If mid-career developers have to fret about what automation might soon do to their job, students are in the especially tough spot of anticipating the long-term implications before they even start their career. “The question of what it will look like for a student to go through an undergraduate program in computer science, graduate with that degree, and go on into the industry … That is something I do worry about,” Timothy Richards, a computer-science professor at the University of Massachusetts at Amherst, told me. Not only do teachers like Richards have to wrestle with just how worthwhile learning to code is anymore, but even teaching students to code has become a tougher task. ChatGPT and other chatbots can handle some of the basic tasks in any introductory class, such as finding problems with blocks of code. Some students might habitually use ChatGPT to cheat on their assignments, eventually collecting their diploma without having learned how to do the work themselves.
Richards has already started to tweak his approach. He now tells his introductory-programming students to use AI the way a math student would use a calculator, asking that they disclose the exact prompts they fed into the machine, and explain their reasoning. Instead of taking assignments home, Richards’s students now do the bulk of their work in the classroom, under his supervision. “I don’t think we can really teach students in the way that we’ve been teaching them for a long time, at least not in computer science,” he said.

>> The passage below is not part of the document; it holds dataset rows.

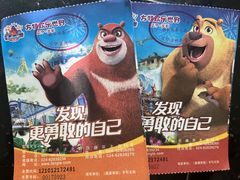 -沈阳方特欢乐世界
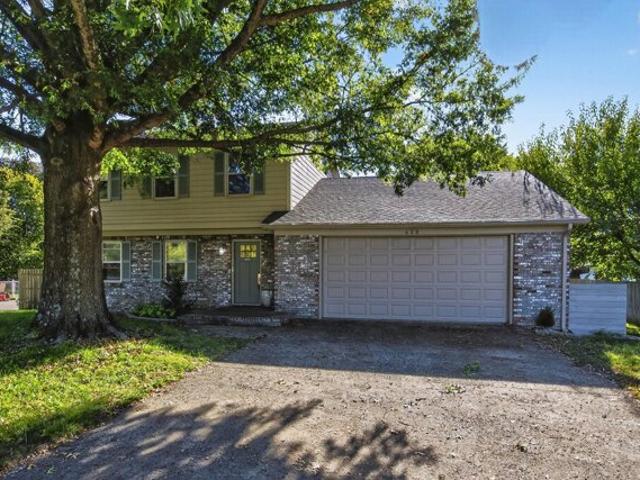 House for sale in Versailles, Kentucky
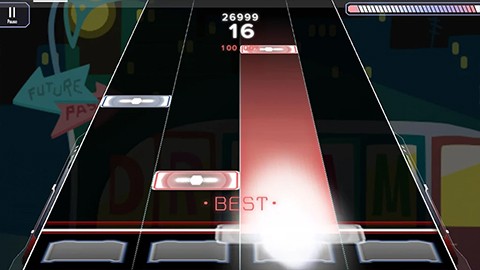 Malody安卓版截图0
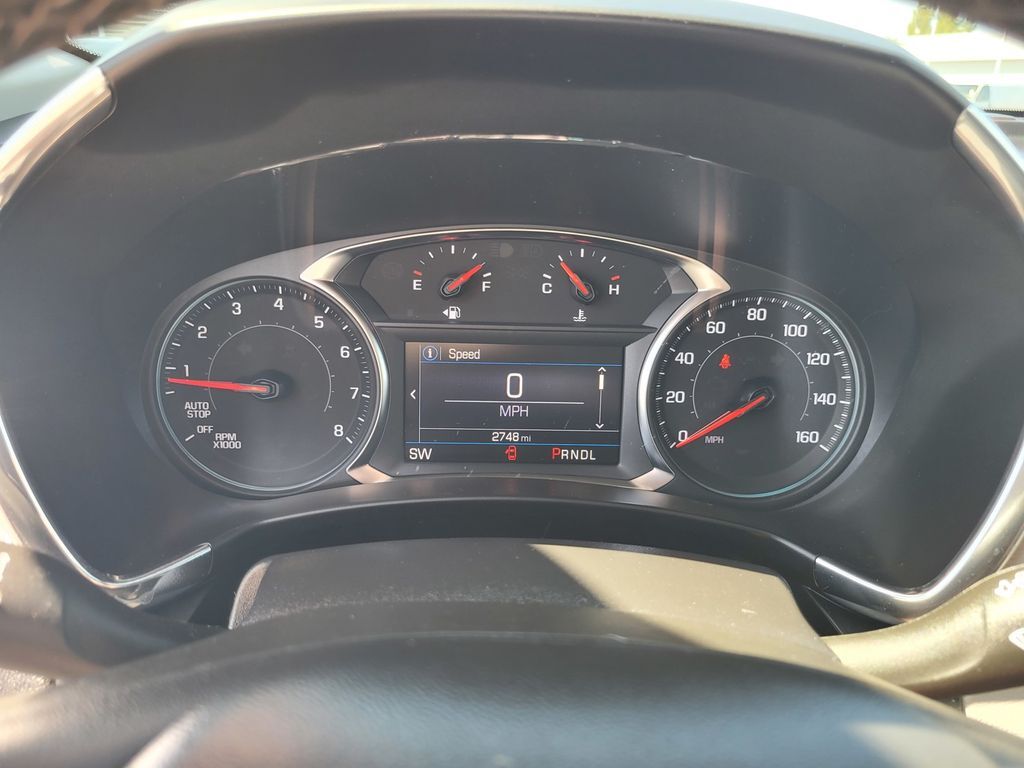 2023 Chevrolet Equinox LT Roseville CA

Fiddling with the computer-science curriculum still might not be enough to maintain coding’s spot at the top of the higher-education hierarchy. “Prompt engineering,” which entails feeding phrases to large language models to make their responses more human-sounding, has already surfaced as a lucrative job option—and one perhaps better suited to English majors than computer-science grads. “Machines can’t be creative; at best, they’re very elaborate derivatives,” says Ben Royce, an AI lecturer at Columbia University. Chatbots don’t know what to do with a novel coding problem. They sputter and choke. They make stuff up. As AI becomes more sophisticated and better able to code, programmers may be tasked with leaning into the parts of their job that draw on conceptual ingenuity as opposed to sheer technical know-how. Those who are able to think more entrepreneurially—the tinkerers and the question-askers—will be the ones who tend to be almost immune to automation in the workforce.

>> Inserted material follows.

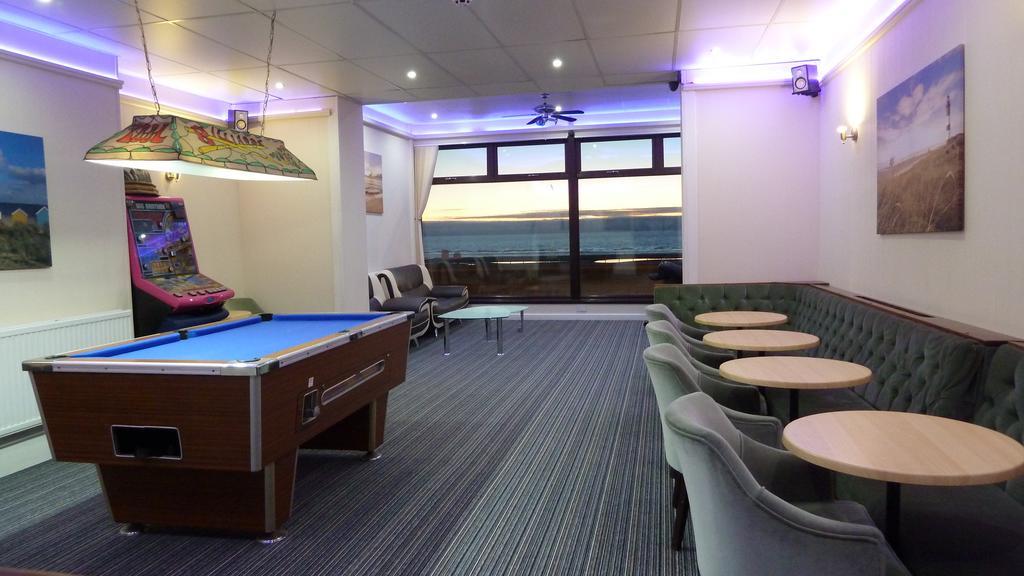 Funky Towers Hotel 3*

The potential decline of “learn to code” doesn’t mean that the technologists are doomed to become the authors of their own obsolescence, nor that the English majors were right all along (I wish). Rather, the turmoil presented by AI could signal that exactly what students decide to major in is less important than an ability to think conceptually about the various problems that technology could help us solve. The next great Silicon Valley juggernaut might be seeded by a humanities grad with no coding expertise or a computer-science grad with lots of it. After all, the discipline has always been about more than just learning the ropes of Python and C++. Identifying patterns and piecing them together is its essence.

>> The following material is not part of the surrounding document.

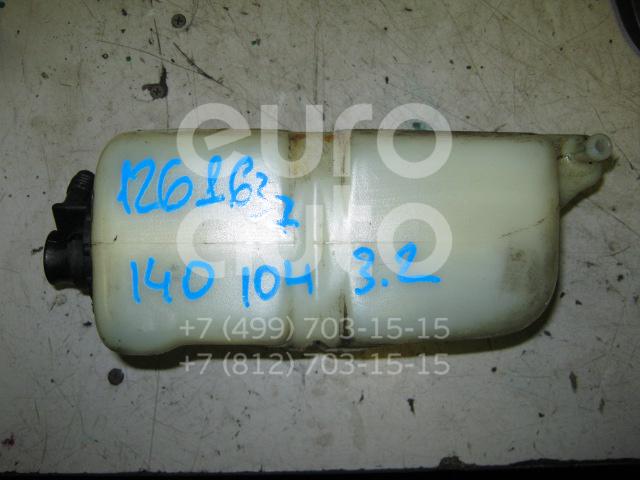 Бачок гидроусилителя для Mercedes Benz W140 1991-1999 - Фото №1
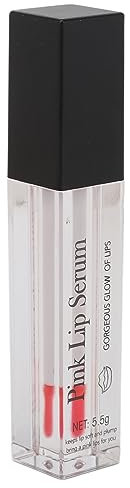 Siero Labbra Rosa, un Olio Labbra Idratante e a Lunga Tenuta per la Vita di Tutti i Giorni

In that way, the answer to the question of what happens next in higher education may lie in what the machines can’t do. Royce pointed me toward Moravec’s paradox, the observation that AI shines at high-level reasoning and the kinds of skills that are generally considered to reflect cognitive aptitude (think: playing chess), but fumbles with the basic ones. The curiosity-driven instincts that have always been at the root of how humans create things are not just sticking around in an AI world; they are now more important than ever. Thankfully, students have plenty of ways to get there.